I was wondering if the following statement is correct:
Let $P(x,y)$ be a real polynomial, and $\gcd(r,s)=1$. If $y-x^s$ divides $P(x^r,y)$, then $y^r-x^{rs}$ divides $P(x^r,y)$ (both in the real field).
My idea is that if $y-x^s$ divides $P(x^r,y)$ and since $\gcd(r,s)=1$, the polynomial $P(x^r,y)$ must also have all corresponding ``conjugate factors" to cancel out the terms of $P(x^r,y)$ with order of $x$ not divisible by $r$.
The statement is correct.
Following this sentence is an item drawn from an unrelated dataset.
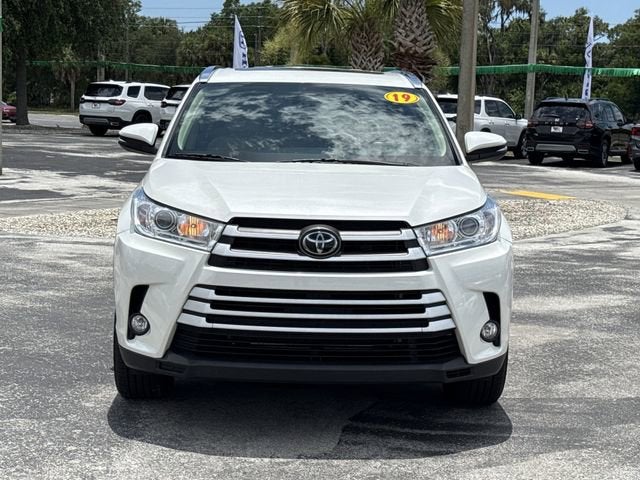 2019 Toyota Highlander SE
We show that the conjugate factors also divide $P(x^r,y)$ as you suggested.
Let $Q(x,y)=P(x^r,y)$. For a $r$-th root of unity $\zeta\in\Bbb C$ consider the homomorphism $\psi:\Bbb C[x,y]\to\Bbb C[x,y]$ induced by $x\mapsto \zeta x,y\mapsto y$. Note that we have $\psi(Q)=Q$. Thus $\psi(y-x^s)=y-\zeta^sx^s\mid\psi(Q)=Q$ in $\Bbb C[x,y]$. As $(r,s)=1$ the map $\zeta\mapsto \zeta^s$ is a permutation of the $r$-th roots of unity. We conclude that $y-\zeta x^s\mid Q$ for all $\zeta$ such that $\zeta^r=1$. This implies $$y^r-x^{rs}=\prod_{\zeta^r=1}(y-\zeta x^s)\mid Q(x,y)=P(x^r,y)$$ in $\Bbb C[x,y]$ and therefore also in $\Bbb R[x,y]$.